Depuis plusieurs années, de nombreuses multinationales font l’objet de boycotts liés à des accusations de discrimination ou à des controverses politiques, notamment pour leur soutien perçu à Israël. Les polémiques rencontrées par Starbucks mettent en lumière la pertinence, plus ou moins avérée, des stratégies adoptées par l’entreprise pour faire face aux campagnes de dénigrement.
Un cas de discrimination raciale aux États-Unis
L’affaire débute le 12 avril 2018, à Philadelphie. Deux hommes noirs, Rashon Nelson et Donte Robinson, se rendent dans un Starbucks – grande enseigne américaine de cafés employant plus de 380 000 personnes. Rien qu’en 2023, l’entreprise signait un chiffre d’affaires d’environ 36 milliards de dollars. Alors que l’un des deux hommes se rend aux toilettes, le manager du café lui en refuse l’accès au motif que seuls les clients peuvent s’y rendre. Peu après, le manager se rend à la table des deux hommes, qui attendent une réunion de travail sans pour autant consommer. Il demande s’ils ont besoin d’aide, leur signifie qu’ils doivent quitter les lieux. La situation s’aggrave ensuite : des policiers pénètrent dans le café et procèdent à l’arrestation des deux hommes, qui n’opposent aucune résistance.

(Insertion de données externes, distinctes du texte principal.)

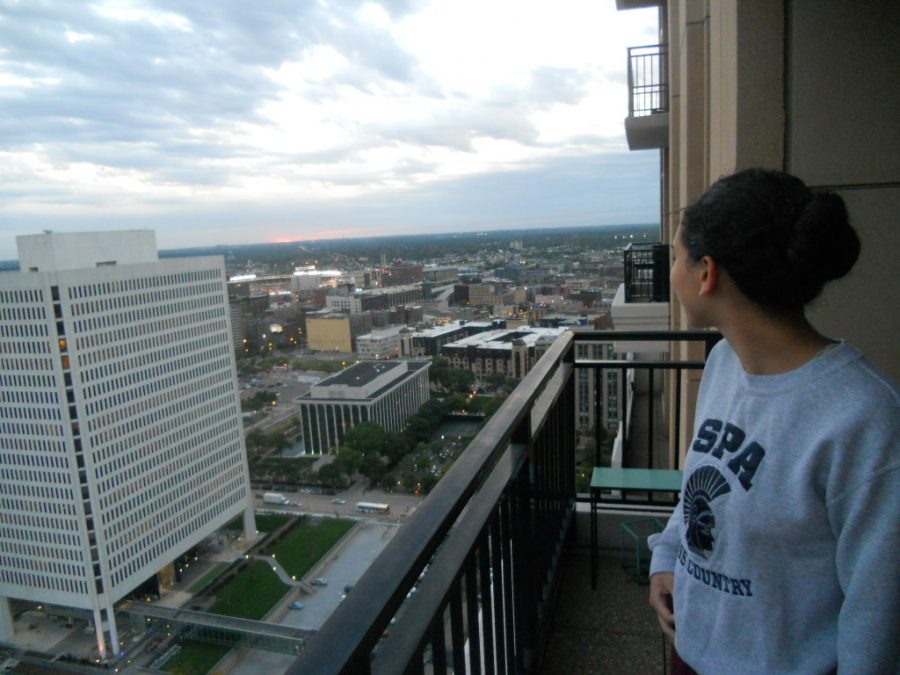 NEW PERSPECTIVES. Senior Neeti Kulkarni enjoys the view from her balcony in downtown Minneapolis.  “There’s not a feeling like it. You go out and you feel … I wouldn’t say you feel powerful because it is really freaky to look down on how many people are there … but it kinda gives you perspective on what’s out there and it’s just a really surreal feeling to be able to see the entire downtown laid out straight in front of you, Kulkarni said.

L’accident, au relent de discrimination raciale, choque, mais n’étonne pas dans l’Amérique pré-George Floyd. Pour autant, un client qui a filmé la scène va la publier sur les réseaux sociaux. La toile s’enflamme. Le Starbucks en question tente de se défendre, arguant que la politique de l’établissement refuse l’accès aux toilettes aux personnes ne consommant pas. Le commissaire de police de la ville, Richard Ross, lui-même afro-américain, défend à son tour ses hommes en prétextant que Nelson et Robinson ont fait preuve de résistance pendant leur arrestation. L’affaire prendra de l’ampleur avec son relai en masse sur les réseaux sociaux. À Philadelphie, une manifestation a lieu devant l’enseigne tandis qu’un boycott national se met en place. Les deux victimes, qui enchainent les interviews sur les grandes chaînes du pays, deviennent le visage des discriminations quotidiennes que subissent les minorités aux États-Unis.

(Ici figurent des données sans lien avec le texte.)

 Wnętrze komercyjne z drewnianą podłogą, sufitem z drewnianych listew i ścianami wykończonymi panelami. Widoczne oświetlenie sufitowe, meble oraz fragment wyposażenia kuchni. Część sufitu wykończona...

Des excuses publiques pour calmer la polémique
Starbucks fait des excuses publiques par le biais des médias sociaux et d’internet en publiant des déclarations écrites ainsi que des vidéos. La réponse initiale de l’entreprise est publiée sur son site Web, tandis qu’une version abrégée est téléchargée sur Twitter le 14 avril. Le lendemain, une vidéo d’excuses du PDG de Starbucks, Kevin Johnson, à Nelson et Robinson, les deux victimes, est publiée. Il se rend ensuite à Philadelphie pour leur demander personnellement pardon et pour rencontrer les responsables de la ville. L’entreprise procède ainsi à des excuses générales (« We apologize ») par la voix de son PDG. Elle ne se défend pas en reportant la faute sur l’employé à l’origine du scandale. Via une mise en scène médiatique, des excuses sont ensuite adressées aux responsables de la ville et aux deux victimes.

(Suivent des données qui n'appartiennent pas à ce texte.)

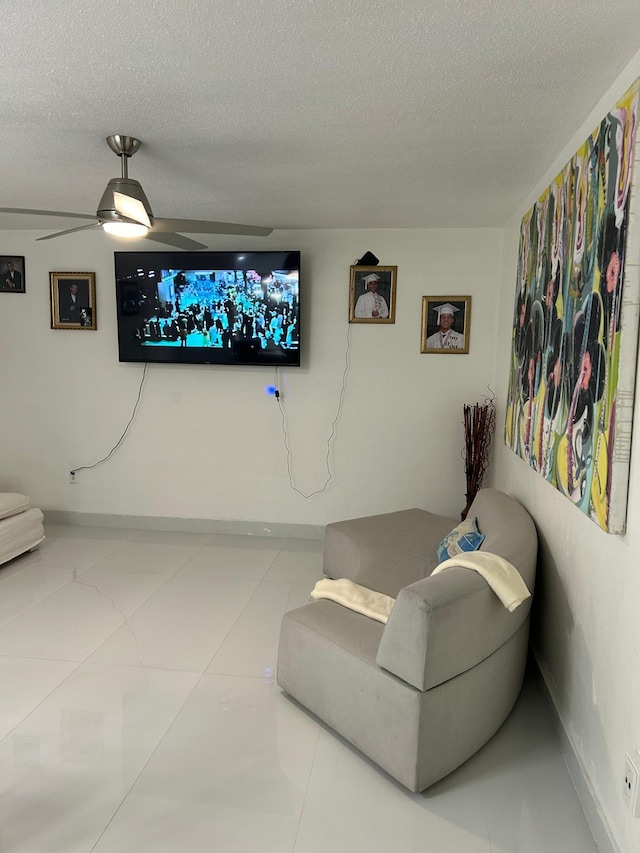 living area with a ceiling fan and a textured ceiling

L’entreprise va ensuite modifier sa politique d’accès, permettant désormais à quiconque d’utiliser les cafés et leurs toilettes, cela même sans consommer. Le but est alors d’éviter un potentiel biais concernant les permissions accordées aux non-consommateurs qui viennent dans l’établissement, notamment pour l’accès aux toilettes. En permettant à n’importe qui d’y aller, il ne devient plus possible d’arguer que seuls les blancs y sont autorisés. Cette réaction de l’enseigne témoigne donc de son anticipation quant à la possibilité d’autres accusations de cette nature, en insinuant que chacun, sans exception, est le bienvenu.
La formation sur les préjugés raciaux
Le 29 mai 2018, une demi-journée de sensibilisation est organisée pour les 175 000 salariés américains de Starbucks, avec une formation sur les préjugés raciaux. À cette occasion, les employés reçoivent des guides, travaillent individuellement et en groupe avec leurs collègues. Les groupes discutent de la signification des préjugés et sont invités à réfléchir aux thèmes de l’identité et de la race. Ils envisagent également différents scénarios susceptibles de créer des réactions biaisées chez les consommateurs. M. Johnson déclare que la formation « n’est qu’une étape dans un voyage qui exige le dévouement de tous les niveaux de notre entreprise et des partenariats dans nos communautés locales ». Au total, la fermeture des magasins aura coûté à Starbucks 16,7 millions de dollars de ventes perdues, les 8 000 cafés de la chaîne ayant fermé leurs portes le temps de cette courte formation.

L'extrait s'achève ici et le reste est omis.